Of course, what we fans do in our fan communities is something that all artists do. Building upon what came before is the first step to making something new. Nobody creates in a vacuum. Reshaping what has come before us is part and parcel of creativity: it’s the most natural thing in the world to do, and it should be celebrated in its own right for the valuable richness it contributes to our society. (This is what the generative AI creators have argued, too: there is nothing new or different about what generative AI does, and it’s doing what all artists do. Whether that argument holds water is a debate for another day.)

That simple fact about creativity might lead you to believe that U.S. copyright law would understand and protect artists who use what has come before to make something new—but in a lot of ways, copyright law does a pretty terrible job judging the reuse of creative works. The law defines a work as infringing if it is “substantially similar in something protectable.” Roughly speaking, a work is infringing if we decide it took too much of what’s original (i.e., relatively unique) about the first work. That standard is intended to provide the second creator with some breathing room: you can be similar to what has come before you as long as you are not substantially similar, as long as you change enough about it. 

This is an idea that makes sense in the abstract, but practically speaking, it’s incredibly challenging to apply, making it confusing for creators to know when they’ve crossed the line into being too similar to what has come before them. In theory, this could be made simpler by fair use, a copyright defense that tells us even if you are substantially similar to what came before you, you still might be okay, as long as what you have done is transformative of what came before. 
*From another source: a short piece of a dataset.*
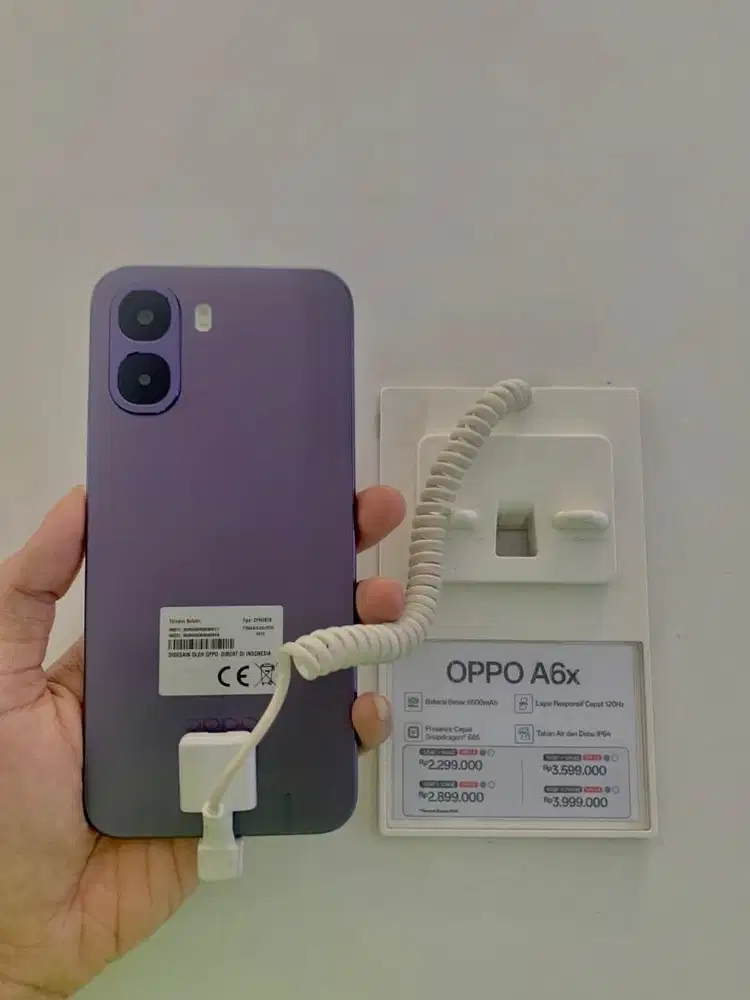 OPPO A6x 12/64 Baru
Frankly, though, the law is not terribly clear on what exactly “transformativeness” means. In many cases, a lot of the judgment seems to be based on if the court thinks your reuse is worthwhile or if the court thinks you’re just a lazy thief. When we use words like “laziness” to figure out if someone deserves the protection of copyright law, that incentivizes artists to obscure how much they’ve built on what came before. This perpetuates a myth that people are creating in vacuums—even though we know that isn’t true. Better to pretend your idea just sprang wholecloth into your head, unconnected to anyone else’s creativity, ever, than be labeled a thief. 

This means that the law has developed around this completely artificial and untrue perception of creativity that only exists for judges, not in the real world. So right away, we see that anyone who proudly proclaims their affection for other things in their creative practice—in other words, a fan creator—is going to run the risk of being stamped a lazy thief by copyright law for “stealing” someone else’s work for use in their own. 

Aside from the broader condemnation of remix culture, there are other ways that U.S. copyright law fails fan creators. Inevitably, the law classifies creativity in terms of financial compensation. In order to take you seriously as an artist, courts want to see evidence that you make money from your art. But what if monetary exploitation is not the reason you create? What if you are not selling your creativity at all?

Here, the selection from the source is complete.